**Problem to solve**
Go through the lines below and copy each one that holds the string "sink".

**Records drawn from a dataset**
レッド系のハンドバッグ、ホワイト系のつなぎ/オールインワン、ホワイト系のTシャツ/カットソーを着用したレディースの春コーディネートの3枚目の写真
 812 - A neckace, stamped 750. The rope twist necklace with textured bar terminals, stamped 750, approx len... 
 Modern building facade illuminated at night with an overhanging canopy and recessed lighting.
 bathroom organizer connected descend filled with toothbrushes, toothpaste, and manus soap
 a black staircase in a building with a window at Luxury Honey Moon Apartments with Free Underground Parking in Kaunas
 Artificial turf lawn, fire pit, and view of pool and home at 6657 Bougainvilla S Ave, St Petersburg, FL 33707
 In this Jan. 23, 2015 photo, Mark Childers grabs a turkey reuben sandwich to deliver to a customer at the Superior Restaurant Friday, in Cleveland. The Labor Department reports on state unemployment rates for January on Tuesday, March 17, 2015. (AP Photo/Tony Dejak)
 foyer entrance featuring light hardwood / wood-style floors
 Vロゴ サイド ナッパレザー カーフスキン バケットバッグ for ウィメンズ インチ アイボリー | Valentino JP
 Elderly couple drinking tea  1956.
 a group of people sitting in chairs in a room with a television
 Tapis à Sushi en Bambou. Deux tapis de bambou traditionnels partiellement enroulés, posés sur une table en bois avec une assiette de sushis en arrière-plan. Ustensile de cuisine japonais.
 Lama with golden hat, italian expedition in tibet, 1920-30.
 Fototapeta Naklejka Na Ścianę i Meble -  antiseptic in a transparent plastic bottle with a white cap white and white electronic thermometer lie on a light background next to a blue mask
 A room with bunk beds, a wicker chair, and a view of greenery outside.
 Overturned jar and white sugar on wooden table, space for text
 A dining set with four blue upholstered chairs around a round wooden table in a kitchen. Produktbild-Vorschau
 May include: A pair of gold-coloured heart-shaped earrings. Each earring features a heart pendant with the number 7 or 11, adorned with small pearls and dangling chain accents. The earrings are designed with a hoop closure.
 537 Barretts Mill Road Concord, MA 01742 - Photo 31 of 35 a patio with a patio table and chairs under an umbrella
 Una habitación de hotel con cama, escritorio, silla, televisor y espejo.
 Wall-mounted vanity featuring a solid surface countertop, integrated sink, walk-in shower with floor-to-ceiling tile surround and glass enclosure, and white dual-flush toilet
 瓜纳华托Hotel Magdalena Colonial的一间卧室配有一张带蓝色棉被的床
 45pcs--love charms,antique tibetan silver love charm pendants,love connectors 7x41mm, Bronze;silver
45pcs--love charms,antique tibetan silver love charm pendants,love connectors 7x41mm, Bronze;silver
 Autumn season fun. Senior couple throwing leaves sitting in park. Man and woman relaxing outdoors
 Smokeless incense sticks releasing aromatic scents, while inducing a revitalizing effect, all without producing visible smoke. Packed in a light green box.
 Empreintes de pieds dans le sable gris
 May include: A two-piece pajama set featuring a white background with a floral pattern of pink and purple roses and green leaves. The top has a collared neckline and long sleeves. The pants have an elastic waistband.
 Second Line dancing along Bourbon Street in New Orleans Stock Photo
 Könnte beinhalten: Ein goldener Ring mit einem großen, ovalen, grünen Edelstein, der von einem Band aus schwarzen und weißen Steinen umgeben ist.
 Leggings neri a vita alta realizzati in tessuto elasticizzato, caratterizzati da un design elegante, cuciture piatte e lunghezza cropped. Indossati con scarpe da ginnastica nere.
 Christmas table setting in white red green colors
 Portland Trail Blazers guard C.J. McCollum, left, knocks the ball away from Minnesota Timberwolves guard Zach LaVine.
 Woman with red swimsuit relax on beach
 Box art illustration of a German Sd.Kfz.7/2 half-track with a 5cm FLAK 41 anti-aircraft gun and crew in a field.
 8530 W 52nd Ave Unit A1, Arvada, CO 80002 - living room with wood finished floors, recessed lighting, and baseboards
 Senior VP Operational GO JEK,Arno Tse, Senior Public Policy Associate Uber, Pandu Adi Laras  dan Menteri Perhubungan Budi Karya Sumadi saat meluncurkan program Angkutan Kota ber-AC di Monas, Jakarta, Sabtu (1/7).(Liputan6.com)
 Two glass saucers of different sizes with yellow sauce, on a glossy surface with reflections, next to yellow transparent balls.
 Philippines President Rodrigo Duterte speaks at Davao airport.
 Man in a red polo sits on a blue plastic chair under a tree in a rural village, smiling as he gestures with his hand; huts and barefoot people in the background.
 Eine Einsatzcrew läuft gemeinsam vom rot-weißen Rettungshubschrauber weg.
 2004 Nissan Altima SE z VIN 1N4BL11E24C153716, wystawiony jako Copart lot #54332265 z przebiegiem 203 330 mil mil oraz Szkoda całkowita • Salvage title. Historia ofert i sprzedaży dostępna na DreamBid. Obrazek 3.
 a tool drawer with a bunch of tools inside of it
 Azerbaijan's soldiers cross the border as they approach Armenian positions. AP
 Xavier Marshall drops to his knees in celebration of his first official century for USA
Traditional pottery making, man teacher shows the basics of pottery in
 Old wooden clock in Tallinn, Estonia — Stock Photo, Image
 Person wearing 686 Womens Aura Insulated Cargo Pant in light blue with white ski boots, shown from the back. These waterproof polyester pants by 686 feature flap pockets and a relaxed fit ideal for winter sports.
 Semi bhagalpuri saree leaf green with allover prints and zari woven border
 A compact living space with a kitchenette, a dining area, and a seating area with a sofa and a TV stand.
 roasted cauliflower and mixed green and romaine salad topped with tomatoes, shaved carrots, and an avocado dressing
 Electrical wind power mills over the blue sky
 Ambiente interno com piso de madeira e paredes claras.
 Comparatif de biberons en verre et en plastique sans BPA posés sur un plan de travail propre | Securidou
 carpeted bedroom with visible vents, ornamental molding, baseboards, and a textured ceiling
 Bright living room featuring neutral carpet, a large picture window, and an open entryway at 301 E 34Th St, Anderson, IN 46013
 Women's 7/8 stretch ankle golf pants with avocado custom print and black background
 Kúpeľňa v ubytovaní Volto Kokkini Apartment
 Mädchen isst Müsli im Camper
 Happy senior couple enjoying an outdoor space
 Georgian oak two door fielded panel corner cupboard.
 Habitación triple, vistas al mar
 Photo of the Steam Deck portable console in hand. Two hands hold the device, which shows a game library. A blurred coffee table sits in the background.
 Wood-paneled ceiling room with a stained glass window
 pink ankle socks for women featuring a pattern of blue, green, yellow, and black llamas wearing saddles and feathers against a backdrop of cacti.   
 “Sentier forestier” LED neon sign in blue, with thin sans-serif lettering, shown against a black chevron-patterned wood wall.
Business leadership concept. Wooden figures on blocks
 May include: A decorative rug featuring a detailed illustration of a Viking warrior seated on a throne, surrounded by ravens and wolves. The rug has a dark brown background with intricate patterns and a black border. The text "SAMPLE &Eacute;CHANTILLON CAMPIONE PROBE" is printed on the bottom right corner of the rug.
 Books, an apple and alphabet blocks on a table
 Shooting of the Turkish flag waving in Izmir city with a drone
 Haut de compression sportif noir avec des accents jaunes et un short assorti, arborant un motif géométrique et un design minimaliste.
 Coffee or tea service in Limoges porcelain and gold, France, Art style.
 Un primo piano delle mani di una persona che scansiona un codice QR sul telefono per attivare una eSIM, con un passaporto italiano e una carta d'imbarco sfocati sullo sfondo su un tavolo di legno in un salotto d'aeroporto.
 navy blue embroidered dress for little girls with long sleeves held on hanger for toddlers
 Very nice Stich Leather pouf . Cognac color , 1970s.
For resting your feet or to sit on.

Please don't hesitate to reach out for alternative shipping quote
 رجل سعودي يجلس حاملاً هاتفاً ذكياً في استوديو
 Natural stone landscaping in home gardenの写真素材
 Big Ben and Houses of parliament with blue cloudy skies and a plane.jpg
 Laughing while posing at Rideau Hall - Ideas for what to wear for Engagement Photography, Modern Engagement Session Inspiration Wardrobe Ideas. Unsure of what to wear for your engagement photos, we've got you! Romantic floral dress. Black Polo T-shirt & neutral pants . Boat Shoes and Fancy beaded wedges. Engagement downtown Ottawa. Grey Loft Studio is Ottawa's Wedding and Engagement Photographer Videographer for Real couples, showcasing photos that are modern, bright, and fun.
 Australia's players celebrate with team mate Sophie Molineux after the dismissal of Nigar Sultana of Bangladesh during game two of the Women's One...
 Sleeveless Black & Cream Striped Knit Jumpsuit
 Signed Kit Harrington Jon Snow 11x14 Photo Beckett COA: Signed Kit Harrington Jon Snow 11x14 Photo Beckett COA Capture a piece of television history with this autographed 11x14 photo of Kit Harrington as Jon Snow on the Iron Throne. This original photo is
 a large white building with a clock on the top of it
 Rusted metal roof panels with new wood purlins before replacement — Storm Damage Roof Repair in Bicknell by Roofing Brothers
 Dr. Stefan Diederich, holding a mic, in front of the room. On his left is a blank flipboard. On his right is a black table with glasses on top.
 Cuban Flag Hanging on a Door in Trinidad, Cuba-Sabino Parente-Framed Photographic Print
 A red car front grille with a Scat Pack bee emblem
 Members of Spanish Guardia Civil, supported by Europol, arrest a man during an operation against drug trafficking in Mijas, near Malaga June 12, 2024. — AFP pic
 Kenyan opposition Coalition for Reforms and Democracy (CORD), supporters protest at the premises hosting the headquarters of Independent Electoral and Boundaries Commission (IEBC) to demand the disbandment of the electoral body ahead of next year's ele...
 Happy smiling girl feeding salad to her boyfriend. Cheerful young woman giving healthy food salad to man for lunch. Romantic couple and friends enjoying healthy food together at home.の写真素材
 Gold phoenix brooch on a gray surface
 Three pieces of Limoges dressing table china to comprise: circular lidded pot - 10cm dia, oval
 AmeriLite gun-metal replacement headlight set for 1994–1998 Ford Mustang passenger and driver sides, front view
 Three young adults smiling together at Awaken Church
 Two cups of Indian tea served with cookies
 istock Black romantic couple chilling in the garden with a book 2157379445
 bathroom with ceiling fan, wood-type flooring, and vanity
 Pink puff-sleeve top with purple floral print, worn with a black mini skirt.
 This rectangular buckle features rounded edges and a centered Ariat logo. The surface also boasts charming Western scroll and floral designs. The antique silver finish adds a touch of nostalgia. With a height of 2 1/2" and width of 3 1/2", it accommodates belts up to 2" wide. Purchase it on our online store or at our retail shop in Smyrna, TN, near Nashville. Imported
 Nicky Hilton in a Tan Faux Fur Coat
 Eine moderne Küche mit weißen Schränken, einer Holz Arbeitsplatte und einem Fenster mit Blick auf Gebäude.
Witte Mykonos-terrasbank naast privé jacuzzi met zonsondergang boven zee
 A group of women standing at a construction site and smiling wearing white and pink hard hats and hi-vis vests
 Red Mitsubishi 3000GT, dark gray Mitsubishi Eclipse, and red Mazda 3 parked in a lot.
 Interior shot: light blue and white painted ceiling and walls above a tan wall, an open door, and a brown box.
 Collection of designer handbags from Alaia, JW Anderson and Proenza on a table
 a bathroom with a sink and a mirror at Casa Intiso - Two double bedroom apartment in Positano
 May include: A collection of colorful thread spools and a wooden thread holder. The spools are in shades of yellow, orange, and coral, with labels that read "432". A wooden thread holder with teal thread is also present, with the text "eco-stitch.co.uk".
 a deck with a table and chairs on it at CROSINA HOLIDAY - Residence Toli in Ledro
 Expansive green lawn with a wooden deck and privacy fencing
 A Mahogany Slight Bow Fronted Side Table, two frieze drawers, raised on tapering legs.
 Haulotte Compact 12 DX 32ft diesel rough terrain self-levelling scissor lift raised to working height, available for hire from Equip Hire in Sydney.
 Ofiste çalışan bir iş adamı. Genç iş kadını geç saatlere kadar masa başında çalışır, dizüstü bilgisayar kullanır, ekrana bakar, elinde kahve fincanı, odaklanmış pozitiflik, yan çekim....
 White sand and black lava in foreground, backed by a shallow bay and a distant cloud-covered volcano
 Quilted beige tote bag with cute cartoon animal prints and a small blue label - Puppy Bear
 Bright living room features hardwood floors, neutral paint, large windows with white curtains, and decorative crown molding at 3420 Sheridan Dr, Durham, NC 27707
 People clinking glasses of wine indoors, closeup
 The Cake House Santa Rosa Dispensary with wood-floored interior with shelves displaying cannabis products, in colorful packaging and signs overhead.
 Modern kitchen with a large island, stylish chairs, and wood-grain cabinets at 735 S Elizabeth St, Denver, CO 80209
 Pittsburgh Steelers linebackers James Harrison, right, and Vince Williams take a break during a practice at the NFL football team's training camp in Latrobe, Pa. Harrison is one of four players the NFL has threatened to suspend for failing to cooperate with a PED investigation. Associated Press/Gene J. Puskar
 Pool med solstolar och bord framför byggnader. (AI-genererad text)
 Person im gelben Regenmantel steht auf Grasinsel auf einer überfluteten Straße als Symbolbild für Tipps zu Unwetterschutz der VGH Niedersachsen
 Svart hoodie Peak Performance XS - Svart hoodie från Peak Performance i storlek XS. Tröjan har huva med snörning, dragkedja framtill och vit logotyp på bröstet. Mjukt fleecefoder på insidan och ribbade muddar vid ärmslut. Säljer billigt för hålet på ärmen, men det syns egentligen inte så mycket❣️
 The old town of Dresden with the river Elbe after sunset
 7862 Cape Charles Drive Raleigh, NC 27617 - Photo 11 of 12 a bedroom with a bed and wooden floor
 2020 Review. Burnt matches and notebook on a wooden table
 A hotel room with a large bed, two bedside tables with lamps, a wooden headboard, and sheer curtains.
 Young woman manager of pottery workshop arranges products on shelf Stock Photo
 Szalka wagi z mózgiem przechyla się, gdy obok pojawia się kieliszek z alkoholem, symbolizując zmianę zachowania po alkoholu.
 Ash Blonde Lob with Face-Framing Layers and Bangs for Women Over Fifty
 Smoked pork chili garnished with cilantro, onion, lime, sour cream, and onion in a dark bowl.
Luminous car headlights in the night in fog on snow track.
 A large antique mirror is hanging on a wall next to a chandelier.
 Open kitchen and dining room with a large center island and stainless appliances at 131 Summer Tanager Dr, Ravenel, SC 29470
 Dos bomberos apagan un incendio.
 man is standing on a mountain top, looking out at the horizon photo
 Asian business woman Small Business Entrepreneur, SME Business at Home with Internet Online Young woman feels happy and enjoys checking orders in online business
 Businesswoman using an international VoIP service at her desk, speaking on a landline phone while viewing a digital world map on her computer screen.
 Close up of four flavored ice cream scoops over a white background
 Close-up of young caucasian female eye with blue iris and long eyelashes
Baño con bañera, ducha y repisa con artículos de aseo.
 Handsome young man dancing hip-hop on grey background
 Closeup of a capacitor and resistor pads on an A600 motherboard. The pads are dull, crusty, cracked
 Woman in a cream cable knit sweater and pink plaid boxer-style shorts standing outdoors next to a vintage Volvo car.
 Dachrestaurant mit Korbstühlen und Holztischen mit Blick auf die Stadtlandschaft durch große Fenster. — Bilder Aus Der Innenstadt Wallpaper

**Task answer**
 Wall-mounted vanity featuring a solid surface countertop, integrated sink, walk-in shower with floor-to-ceiling tile surround and glass enclosure, and white dual-flush toilet
 a bathroom with a sink and a mirror at Casa Intiso - Two double bedroom apartment in Positano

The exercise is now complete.